— Work task —
Repeat exactly the lines from the start of the material below up to and including the "POMPA WTRYSKOWA KIA" line.

— Raw data —
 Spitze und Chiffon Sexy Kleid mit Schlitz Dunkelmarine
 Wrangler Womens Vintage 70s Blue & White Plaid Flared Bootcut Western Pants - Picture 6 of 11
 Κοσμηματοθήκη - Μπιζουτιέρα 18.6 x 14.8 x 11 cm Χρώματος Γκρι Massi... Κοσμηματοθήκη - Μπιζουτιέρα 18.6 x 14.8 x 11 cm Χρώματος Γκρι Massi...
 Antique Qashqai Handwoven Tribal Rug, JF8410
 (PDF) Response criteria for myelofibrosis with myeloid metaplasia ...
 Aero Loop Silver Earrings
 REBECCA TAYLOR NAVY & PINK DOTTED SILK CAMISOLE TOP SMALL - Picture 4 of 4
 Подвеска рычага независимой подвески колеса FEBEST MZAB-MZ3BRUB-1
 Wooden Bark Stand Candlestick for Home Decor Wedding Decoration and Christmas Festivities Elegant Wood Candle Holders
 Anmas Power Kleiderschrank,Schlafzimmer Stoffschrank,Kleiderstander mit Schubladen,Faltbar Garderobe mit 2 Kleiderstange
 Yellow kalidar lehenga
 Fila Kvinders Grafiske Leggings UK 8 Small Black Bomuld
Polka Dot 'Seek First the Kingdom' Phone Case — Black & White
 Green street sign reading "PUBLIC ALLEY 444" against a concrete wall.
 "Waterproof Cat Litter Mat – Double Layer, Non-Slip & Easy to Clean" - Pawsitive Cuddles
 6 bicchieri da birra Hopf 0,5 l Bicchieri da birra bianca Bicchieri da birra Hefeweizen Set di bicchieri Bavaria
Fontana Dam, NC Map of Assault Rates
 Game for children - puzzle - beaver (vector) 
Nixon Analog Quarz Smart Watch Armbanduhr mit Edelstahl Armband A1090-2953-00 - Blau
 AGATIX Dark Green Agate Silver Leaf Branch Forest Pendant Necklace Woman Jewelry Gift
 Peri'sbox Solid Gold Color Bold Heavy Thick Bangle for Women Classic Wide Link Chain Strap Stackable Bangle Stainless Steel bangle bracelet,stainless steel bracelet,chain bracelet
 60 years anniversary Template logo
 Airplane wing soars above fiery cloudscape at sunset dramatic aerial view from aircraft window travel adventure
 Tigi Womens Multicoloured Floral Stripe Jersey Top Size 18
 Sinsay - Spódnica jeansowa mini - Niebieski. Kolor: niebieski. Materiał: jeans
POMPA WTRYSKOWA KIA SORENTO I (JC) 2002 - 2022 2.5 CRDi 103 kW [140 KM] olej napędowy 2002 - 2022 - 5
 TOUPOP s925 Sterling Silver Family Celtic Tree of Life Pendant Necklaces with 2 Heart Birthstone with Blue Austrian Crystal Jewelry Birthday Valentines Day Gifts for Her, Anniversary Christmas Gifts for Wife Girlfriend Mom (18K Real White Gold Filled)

— Solution to the exercise —
 Spitze und Chiffon Sexy Kleid mit Schlitz Dunkelmarine
 Wrangler Womens Vintage 70s Blue & White Plaid Flared Bootcut Western Pants - Picture 6 of 11
 Κοσμηματοθήκη - Μπιζουτιέρα 18.6 x 14.8 x 11 cm Χρώματος Γκρι Massi... Κοσμηματοθήκη - Μπιζουτιέρα 18.6 x 14.8 x 11 cm Χρώματος Γκρι Massi...
 Antique Qashqai Handwoven Tribal Rug, JF8410
 (PDF) Response criteria for myelofibrosis with myeloid metaplasia ...
 Aero Loop Silver Earrings
 REBECCA TAYLOR NAVY & PINK DOTTED SILK CAMISOLE TOP SMALL - Picture 4 of 4
 Подвеска рычага независимой подвески колеса FEBEST MZAB-MZ3BRUB-1
 Wooden Bark Stand Candlestick for Home Decor Wedding Decoration and Christmas Festivities Elegant Wood Candle Holders
 Anmas Power Kleiderschrank,Schlafzimmer Stoffschrank,Kleiderstander mit Schubladen,Faltbar Garderobe mit 2 Kleiderstange
 Yellow kalidar lehenga
 Fila Kvinders Grafiske Leggings UK 8 Small Black Bomuld
Polka Dot 'Seek First the Kingdom' Phone Case — Black & White
 Green street sign reading "PUBLIC ALLEY 444" against a concrete wall.
 "Waterproof Cat Litter Mat – Double Layer, Non-Slip & Easy to Clean" - Pawsitive Cuddles
 6 bicchieri da birra Hopf 0,5 l Bicchieri da birra bianca Bicchieri da birra Hefeweizen Set di bicchieri Bavaria
Fontana Dam, NC Map of Assault Rates
 Game for children - puzzle - beaver (vector) 
Nixon Analog Quarz Smart Watch Armbanduhr mit Edelstahl Armband A1090-2953-00 - Blau
 AGATIX Dark Green Agate Silver Leaf Branch Forest Pendant Necklace Woman Jewelry Gift
 Peri'sbox Solid Gold Color Bold Heavy Thick Bangle for Women Classic Wide Link Chain Strap Stackable Bangle Stainless Steel bangle bracelet,stainless steel bracelet,chain bracelet
 60 years anniversary Template logo
 Airplane wing soars above fiery cloudscape at sunset dramatic aerial view from aircraft window travel adventure
 Tigi Womens Multicoloured Floral Stripe Jersey Top Size 18
 Sinsay - Spódnica jeansowa mini - Niebieski. Kolor: niebieski. Materiał: jeans
POMPA WTRYSKOWA KIA SORENTO I (JC) 2002 - 2022 2.5 CRDi 103 kW [140 KM] olej napędowy 2002 - 2022 - 5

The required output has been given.